> _SUPPLIED RECORDS_:
[Start of Attachment]
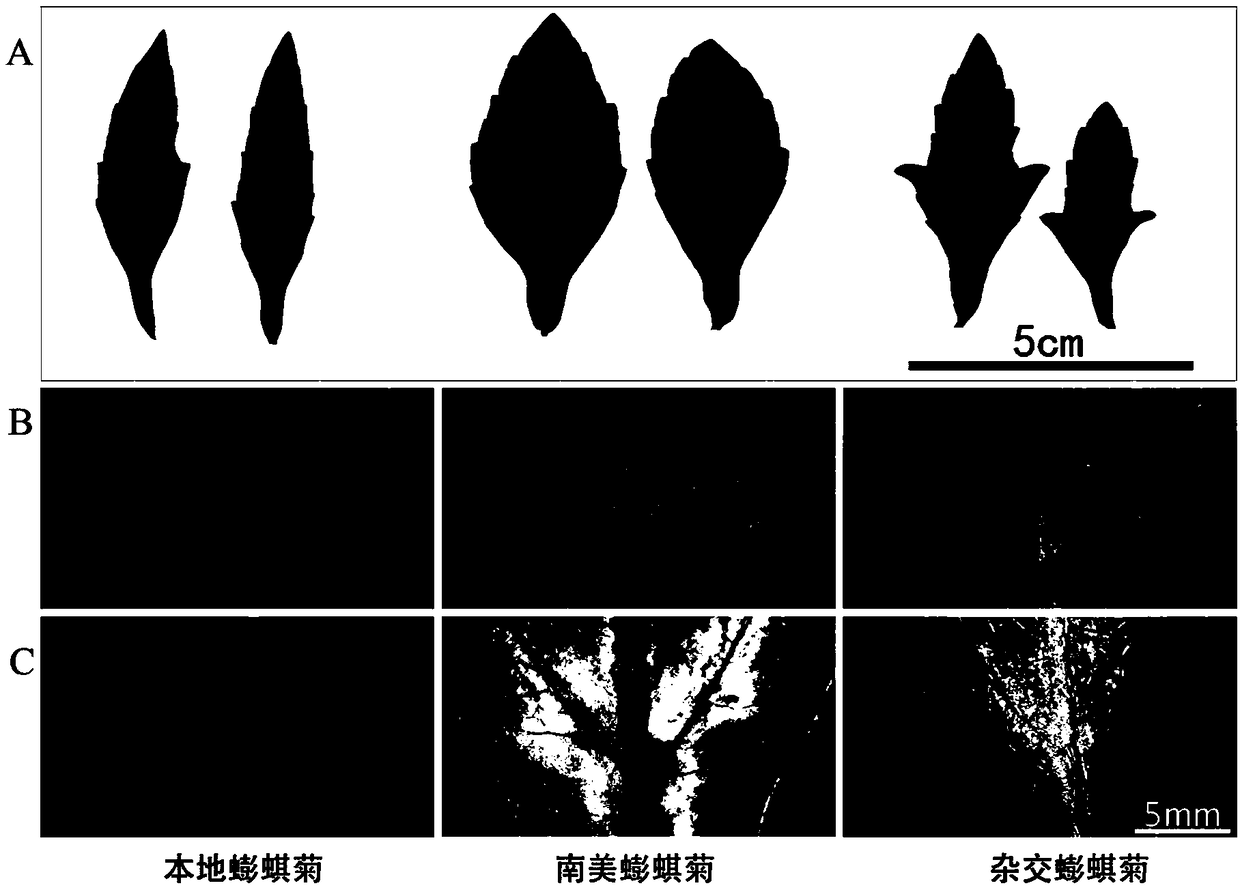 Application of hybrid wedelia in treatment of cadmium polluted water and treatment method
[End of Attachment]
[Start of Attachment]
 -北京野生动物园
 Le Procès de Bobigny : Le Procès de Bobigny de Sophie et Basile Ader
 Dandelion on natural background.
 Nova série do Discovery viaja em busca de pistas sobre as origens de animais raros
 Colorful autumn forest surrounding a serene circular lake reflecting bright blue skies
[End of Attachment]
> _YOUR TASK_:
Your task is to transcribe, with no changes, only the lines of the listing above that lie between the line holding "Dandelion on natural background." and the line holding "Colorful autumn forest", inclusive.

> _TASK SOLUTION_:
 Dandelion on natural background.
 Nova série do Discovery viaja em busca de pistas sobre as origens de animais raros
 Colorful autumn forest surrounding a serene circular lake reflecting bright blue skies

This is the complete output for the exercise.